舞台の上で。

舞台の上からの景色が好きだった。

大人になると、舞台の「客席」に座ることが増えた。
演奏会、演劇、講演会、イベントなどなど…
客席に座ってステージの上を見ることが普通。
舞台上の演者側からの景色はなかなか見ることができない特別なものだ。

吹奏楽部に入っていた私は、ステージの上からの景色がとても好きだった。特に未だにコンクールの時の景色が忘れられない。

コンクールでの何とも言えない高揚感、
吸い込まれるような暗い客席、
曲が始まる前のブレスの音、
終盤に向けての高まり、
演奏が終わった後の一瞬の静寂の間、
そして客席からの拍手とブラボー!という声援。

定期演奏会では緞帳が上がると、最前列には必ず野球部男子が陣取っていて、何かと盛り上げてくれていた。

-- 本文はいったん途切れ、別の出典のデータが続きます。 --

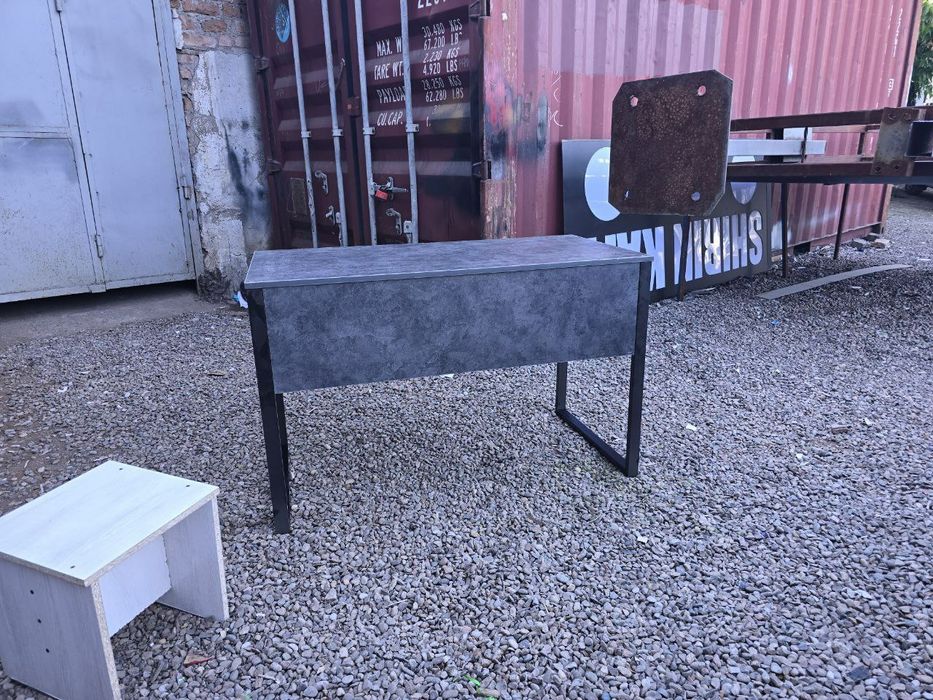 Super aksya 
120x60 balandligi 75
Profili 4x2
Asosi LDSP (Ros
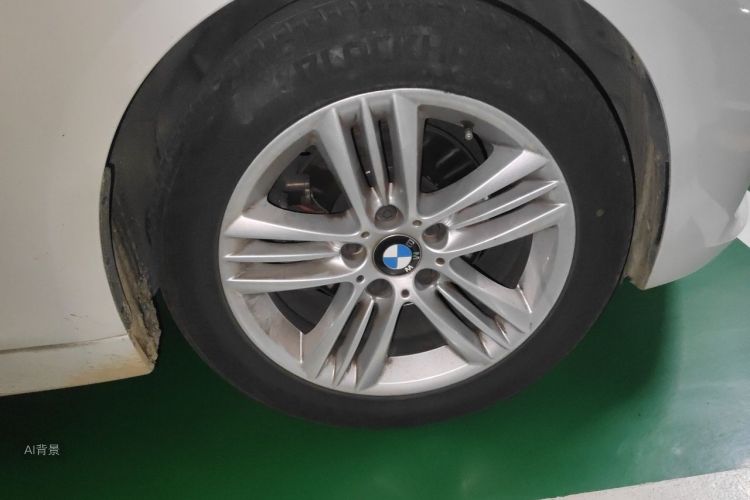 2016 #9 2016 immagine di auto #9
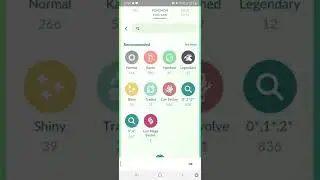 How to catch Zubat in Pok&eacute;mon Go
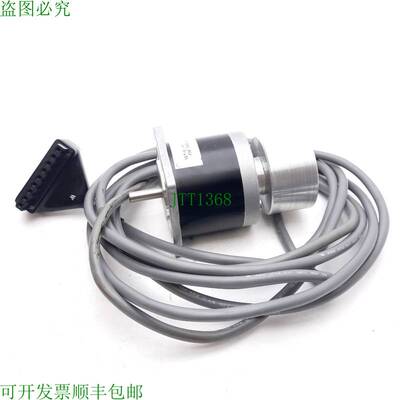 原装供应Parker S57-51-MO Compumotor Microstepper Motor,90-13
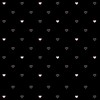 «夢女子・夢界隈雑談 ♡ 各一制»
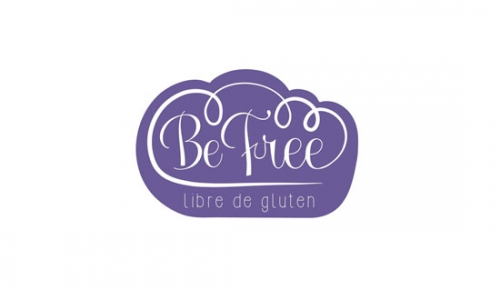 Be free | Gluten-Free Bakery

客席ではアイドルのライブのように手作りのうちわを持ってきてくれてる子もいた。

今でも楽器を吹きたくなるけど、あんな経験は高校生だったからできたこと。もう2度と味わうことはできないと思うと、少し寂しさもありつつ自分の心にはしっかり刻まれている。

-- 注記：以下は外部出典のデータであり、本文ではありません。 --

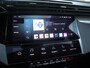 Peugeot 308 Sw GT PureTech 130PK EAT8 Automaat GT, Rijklaarprijs, Adaptieve Cruise Control Camera Keyless Entry & Start Navigatie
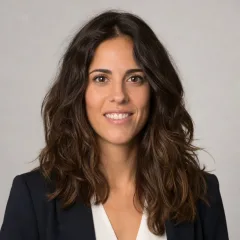 Noelia Carrascosa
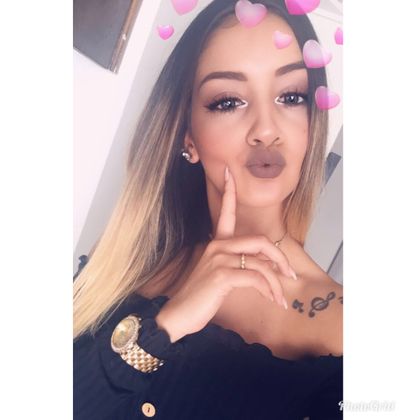 ceeeceeexo OnlyFans picture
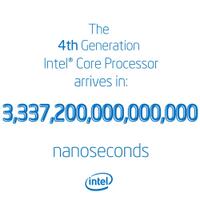 processor-gen-4-intel-haswell-siap-meluncur-juni-mendatang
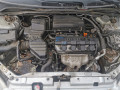 ступица задняя правая Honda Civic 7 поколение 2001, 1.4 л., МКПП, хетчбэк 5 дв., 42200S5A008 - фото №17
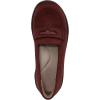 imageLifeStride Womens Gamma Slipons LoaferCalifornia Wine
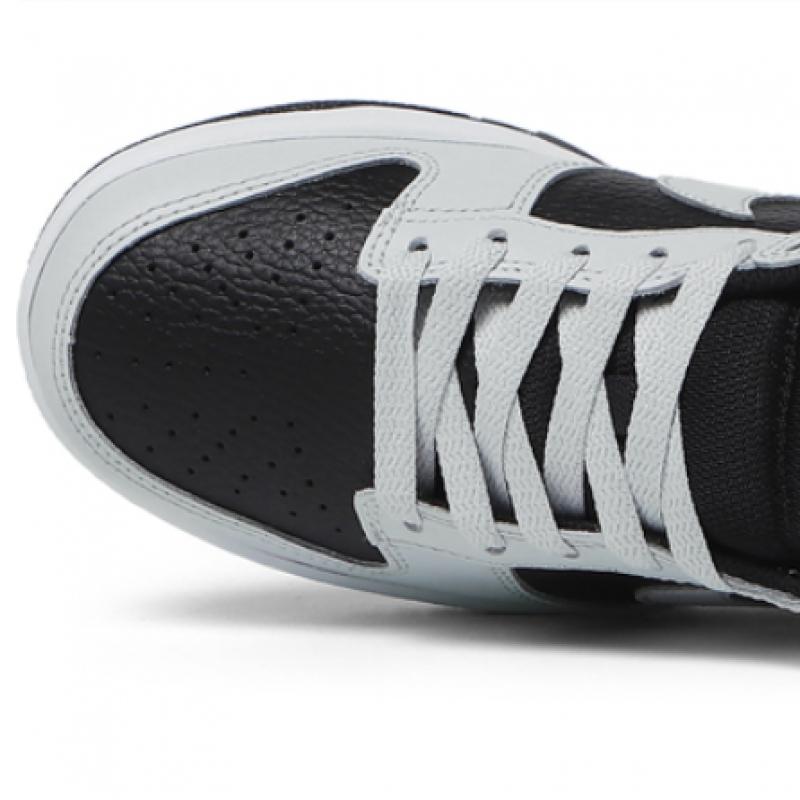 Nike Galleria Nike Dunk Low Fd9756 001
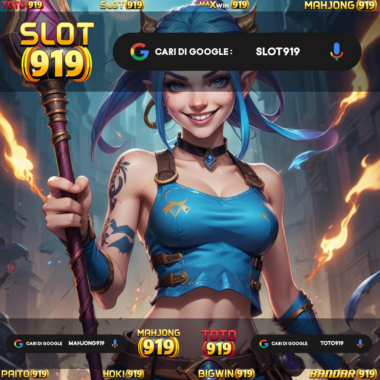 Hitam Pg Games Slot Demo Scatter Hitam Buka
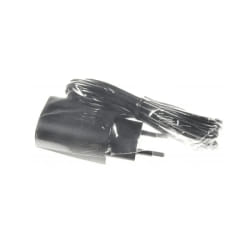 Alimentation Secteur pour Braun 5241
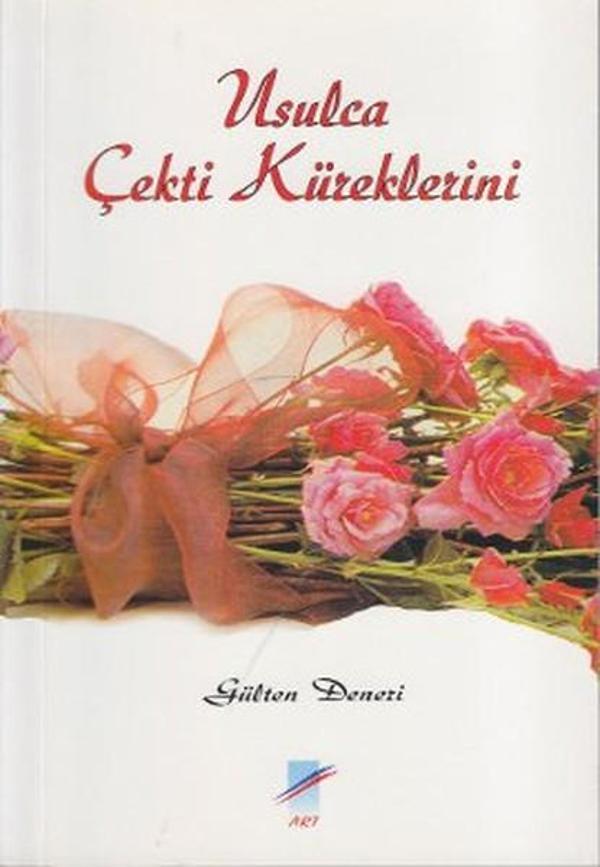 Usulca Çekti Küreklerini - Art Basın Yayın - Image 1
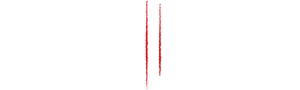 Pagan Peak — Logos 2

アルトサックスを吹いていた私は、定期演奏会などではよくソロを吹いていた。
通常は目立つことが苦手な私だったけど、楽器を吹いているときは楽しかった。ソロが近づきどきどきしながら立ち上がり、ステージの前にあるマイクに向かって吹く。今考えると顔を覆いたくなるような恥ずかしさだけど、当時の自分は緊張しつつ楽しんでいた。

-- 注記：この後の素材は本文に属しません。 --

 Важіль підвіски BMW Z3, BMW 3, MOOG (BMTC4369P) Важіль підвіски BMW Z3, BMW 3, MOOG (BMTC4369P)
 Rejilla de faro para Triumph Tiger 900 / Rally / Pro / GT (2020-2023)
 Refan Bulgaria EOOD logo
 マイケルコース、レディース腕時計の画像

私は同期に比べて音楽の知識も吹奏楽の知識も浅かった。
でも、いまだに時々コンクールで吹いた曲を聴くとやっぱり心がワクワクする。
過去にとらわれすぎるのもよくないよなぁと思いつつ、
私の好きなことでもあるのでまぁいいかと受け止める。

まさに青春、ありきたりな言葉で恥ずかしいけど、この言葉にいろんな思いや経験がギュッと凝縮されている。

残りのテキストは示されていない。